Many academics have extended Dana's loss as a metaphor for the "lasting damage of slavery on the African American psyche" to include other meanings. For example, Pamela Bedore interprets it as the loss of Dana's naïveté regarding the supposed progress of racial relations in the present. For Ashraf Rushdy, Dana's missing arm is the price she must pay for her attempt to change history. Robert Crossley quotes Ruth Salvaggio as inferring that the amputation of Dana's left arm is a distinct "birthmark" that represents a part of a "disfigured heritage." Scholars have also noted the importance of Kevin having his forehead scarred during his travel to the past. Diana R. Paulin argues that it symbolizes Kevin's changing understanding of racial realities, which constitute "a painful and intellectual experience".

=== Race as social construct ===

Kevin and Dana differing in their perspectives of the 19th Century:

"This could be a great time to live in," Kevin said once. "I keep thinking what an experience it would be to stay in it— go West and watch the building of the country, see how much of the Old West mythology is true."

"West," I said bitterly. "That's where they're doing it to the Indians instead of the blacks!"

He looked at me strangely. He had been doing that a lot lately."
— Kindred, page 97.

The construction of the concept of "race" and its connections to slavery are central themes in Butler's novel. Mark Bould and Sherryl Vint place Kindred as a key science fiction literary text of the 1960s and 1970s black consciousness period, noting that Butler uses the time travel trope to underscore the perpetuation of past racial discrimination into the present and, perhaps, the future of America. The lesson of Dana's trips to the past, then, is that "we cannot escape or repress our racist history but instead must confront it and thereby reduce its power to pull us back, unthinkingly, to earlier modes of consciousness and interaction."

The novel's focus on how the system of slavery shapes its central characters dramatizes society's power to construct raced identities. The reader witnesses the development of Rufus from a relatively decent boy allied to Dana to a "complete racist" who attempts to rape her as an adult. Similarly, Dana and Kevin's prolonged stay in the past reframes their modern attitudes. Butler's depiction of her principal character as an independent, self-possessed, educated African-American woman defies slavery's racist and sexist objectification of black people and women.

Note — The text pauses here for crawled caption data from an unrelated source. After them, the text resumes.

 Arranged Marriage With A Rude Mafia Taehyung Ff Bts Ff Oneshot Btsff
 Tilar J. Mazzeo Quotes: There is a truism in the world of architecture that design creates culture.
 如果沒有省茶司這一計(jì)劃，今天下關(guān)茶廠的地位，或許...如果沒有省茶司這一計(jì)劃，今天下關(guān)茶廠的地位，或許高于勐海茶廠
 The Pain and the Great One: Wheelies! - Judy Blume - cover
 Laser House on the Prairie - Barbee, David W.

Kindred also challenges the fixity of "race" through the interracial relationships that form its emotional core. Dana's kinship to Rufus disproves America's erroneous concepts of racial purity. It also represents the "inseparability" of whites and blacks in America. The negative reactions of characters in the past and the present to Dana and Kevin's interracial relationship highlight the continuing hostility of both white and black communities to interracial mixing. At the same time, the relationship of Dana and Kevin extends the concept of "community" from people related by ethnicity to people related by shared experience. In these new communities, whites and black people may acknowledge their common racist past and learn to live together.

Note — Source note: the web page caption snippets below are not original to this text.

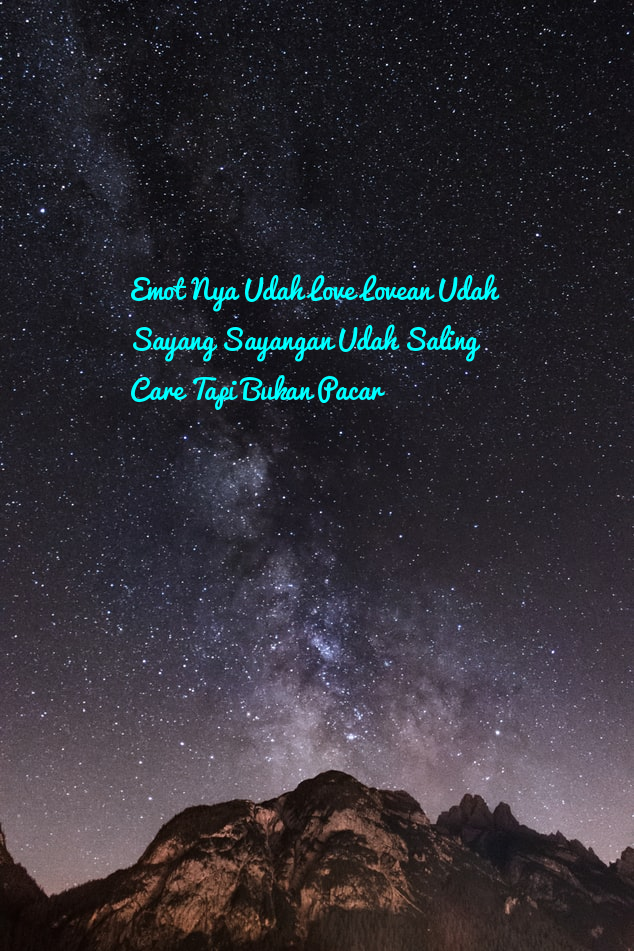 Gambar Kata  Bukan  Pacar  Tapi  Sayang Kata  Kata 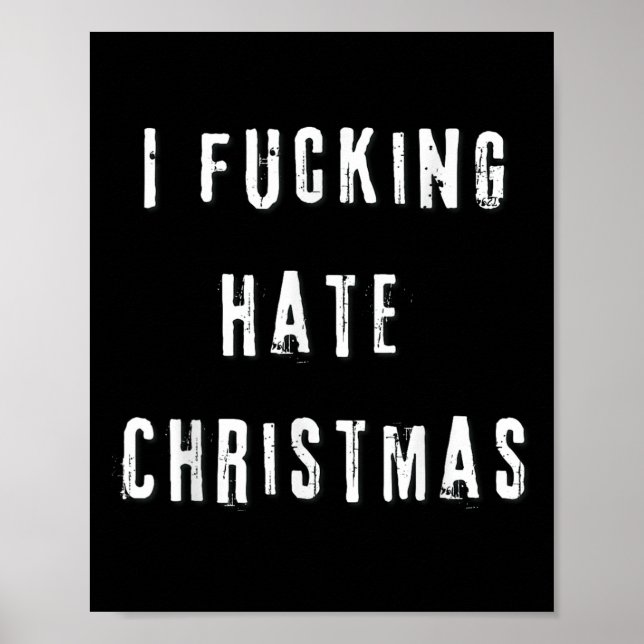 Poster I Foring Hate Christmas Funny Anti-christmas  (Frente)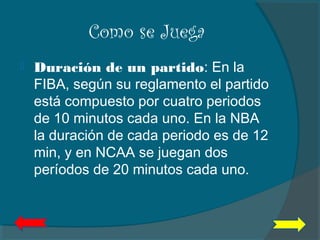 Como se Juega
 Duración de un partido: En la
FIBA, según su reglamento el partido
está compuesto por cuatro periodos
de 10 minutos cada uno. En la NBA
la duración de cada periodo es de 12
min, y en NCAA se juegan dos
períodos de 20 minutos cada uno.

The depiction of Dana's white husband, Kevin, also serves to examine the concept of racial and gender privilege. In the present, Kevin seems unconscious of the benefits he derives from his skin color, as well as of the way his actions serve to disenfranchise Dana. Once he goes to the past, however, he must not just resist accepting slavery as the normal state of affairs, but dissociate himself from the unrestricted power white males enjoy as their privilege. His prolonged stay in the past transforms him from a naive white man oblivious about racial issues into an anti-slave activist fighting racial oppression.

===The meaning of the novel's title: blood relations and interracial marriage===
Kindreds title has several meanings: at its most literal, it refers to the genealogical link between its modern-day protagonist, the slave-holding Weylins, and both the free and bonded Greenwoods; at its most universal, it points to the kinship of all Americans regardless of ethnic background.

Since Butler's novel challenges readers to come to terms with slavery and its legacy, one significant meaning of the term "kindred" is the United States' history of miscegenation and its denial by official discourses. The literal kinship of black people and whites must be acknowledged if America is to move into a better future.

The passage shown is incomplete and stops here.